Da scheint ordentlich Druck auf dem Kessel: In Fellingshausen hat sich eine Interessengemeinschaft formiert, die für eine deutlich kleinere Siedlungserweiterung an der »Dreispitz« plädiert.

Die Einladung zur Pressekonferenz der »Interessengemeinschaft Zukunft Fellingshausen« im lokalen Blättchen ist gerade mal sechs Zeilen lang. Doch die Tische im Saal der Gastwirtschaft Zur Post sind gut besetzt. Rund 60 Bürger sind am Montag gekommen. Was sie eint: Frust über das geplante Neubaugebiet »Dreispitz III« im Westen des Dorfes. Konkret: Dessen Dimension. Und der Umgang der Politik mit den Fellinghäusern. Sie fühlen sich nicht ausreichend eingebunden, fühlen ihre Wünsche und Interessen nicht hinreichend geachtet.

Vor mehr als vier Wochen haben sie einen zweiseitigen Brief mit Anregungen und Kritikpunkten an die Bürgermeisterin geschrieben, an den Gemeindevorstand und nachrichtlich an die Vorsitzenden aller Fraktionen in der Gemeindevertretung. Beigefügt waren bald 500 Unterschriften. Die Resonanz darauf sei dürftig, meinen die IG-Vertreter. Denn aus dem Rathaus haben sie darauf bislang keine Reaktion bekommen. Einzig die Freien Wähler hätten Interesse an einem Gespräch signalisiert und die Grünen ebenfalls geantwortet, erläutern Wilfrid Venerius und Eugen Domann, Sprecher der IG und beide in der »Dreispitz« wohnhaft; also just dort, wo gleich nebenan weiteres Bauland erschlossen werden soll.

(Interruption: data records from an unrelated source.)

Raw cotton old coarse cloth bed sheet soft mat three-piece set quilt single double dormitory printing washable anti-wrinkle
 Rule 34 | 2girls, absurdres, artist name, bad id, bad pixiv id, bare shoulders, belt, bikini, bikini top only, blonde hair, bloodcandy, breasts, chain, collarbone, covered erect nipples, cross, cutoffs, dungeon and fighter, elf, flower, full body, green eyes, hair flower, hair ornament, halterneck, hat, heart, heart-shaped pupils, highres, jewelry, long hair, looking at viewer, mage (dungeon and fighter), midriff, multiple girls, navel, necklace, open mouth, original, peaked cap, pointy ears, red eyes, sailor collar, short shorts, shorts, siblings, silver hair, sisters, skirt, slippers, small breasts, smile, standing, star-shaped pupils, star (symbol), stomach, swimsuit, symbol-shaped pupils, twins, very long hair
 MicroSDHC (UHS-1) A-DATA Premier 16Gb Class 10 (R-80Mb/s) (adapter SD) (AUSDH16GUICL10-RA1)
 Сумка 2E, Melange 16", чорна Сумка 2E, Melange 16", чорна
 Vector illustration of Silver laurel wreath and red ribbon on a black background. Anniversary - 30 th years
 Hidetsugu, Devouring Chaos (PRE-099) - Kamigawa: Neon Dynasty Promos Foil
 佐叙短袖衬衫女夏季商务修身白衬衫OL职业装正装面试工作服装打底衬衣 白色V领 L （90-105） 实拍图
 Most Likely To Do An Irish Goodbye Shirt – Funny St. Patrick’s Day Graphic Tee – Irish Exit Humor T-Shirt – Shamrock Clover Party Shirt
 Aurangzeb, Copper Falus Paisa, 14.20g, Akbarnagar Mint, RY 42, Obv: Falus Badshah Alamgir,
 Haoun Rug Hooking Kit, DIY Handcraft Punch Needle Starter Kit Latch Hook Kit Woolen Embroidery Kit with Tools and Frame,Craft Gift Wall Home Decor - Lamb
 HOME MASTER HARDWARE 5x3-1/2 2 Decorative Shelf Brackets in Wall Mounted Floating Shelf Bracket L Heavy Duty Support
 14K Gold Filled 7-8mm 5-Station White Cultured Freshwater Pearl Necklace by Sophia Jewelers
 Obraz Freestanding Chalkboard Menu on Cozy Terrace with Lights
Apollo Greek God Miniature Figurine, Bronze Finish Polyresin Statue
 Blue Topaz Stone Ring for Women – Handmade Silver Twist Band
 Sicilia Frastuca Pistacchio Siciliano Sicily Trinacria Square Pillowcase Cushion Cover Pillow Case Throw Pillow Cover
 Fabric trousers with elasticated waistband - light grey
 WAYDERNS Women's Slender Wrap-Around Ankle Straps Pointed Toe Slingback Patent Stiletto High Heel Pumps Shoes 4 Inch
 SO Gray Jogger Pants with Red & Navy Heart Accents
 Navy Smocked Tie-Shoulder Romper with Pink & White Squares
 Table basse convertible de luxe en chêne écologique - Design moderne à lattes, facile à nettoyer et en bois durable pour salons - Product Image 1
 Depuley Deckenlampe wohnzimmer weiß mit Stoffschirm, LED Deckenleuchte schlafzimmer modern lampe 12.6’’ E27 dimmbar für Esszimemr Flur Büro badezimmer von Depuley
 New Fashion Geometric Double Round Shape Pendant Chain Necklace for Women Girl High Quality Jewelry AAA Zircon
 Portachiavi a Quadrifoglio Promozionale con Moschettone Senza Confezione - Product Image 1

»Das passt nicht in unser Dorf«, lautet der schon in den vergangenen Monaten mehrfach vorgetragene Hauptkritikpunkt. Rund 170 Wohneinheiten, so die überschlägige Kalkulation der Kritiker, bringen bis zu 500 Neubürger mit sich. Venerius hat daraus in Summe rund 1460 Kfz-Bewegungen am Tag hochgerechnet, mit Belastung vor allem der Beu, des Hohlgartens und der Helenenstraße, aber auch im Nachbardorf Bieber. Weitere Zahl: 500 Neubürger bedeuten einen Mehrverbrauch von 23 Millionen Liter Wasser im Jahr. Und das sei doch ohnehin schon knappes Gut. Vor allem aber wird die fehlende soziale Infrastruktur für einen Zuzug dieser Größenordnung in einem Dorf mit derzeit rund 1700 Einwohnern angemerkt: Kita und Grundschule reichten dafür längst nicht aus. Bemängelt wird von der Bürgerinitiative, dass Konzepte für die Fragen des Verkehrs und der Infrastruktur fehlen. Zudem gefordert werden ein Leerstandskataster und eine Bestandsaufnahme von Baulücken. Der Vorwurf: Bürgermeisterin Patricia Ortmann setze den sozialen Frieden im Dorf bewusst aufs Spiel.

Man wolle das Baugebiet nicht völlig verhindern, wolle sehr wohl eine Entwicklung für Fellingshausen. Aber man könne im Dorf doch nicht den Bedarf an Bauland für den gesamten Westkreis sichern?!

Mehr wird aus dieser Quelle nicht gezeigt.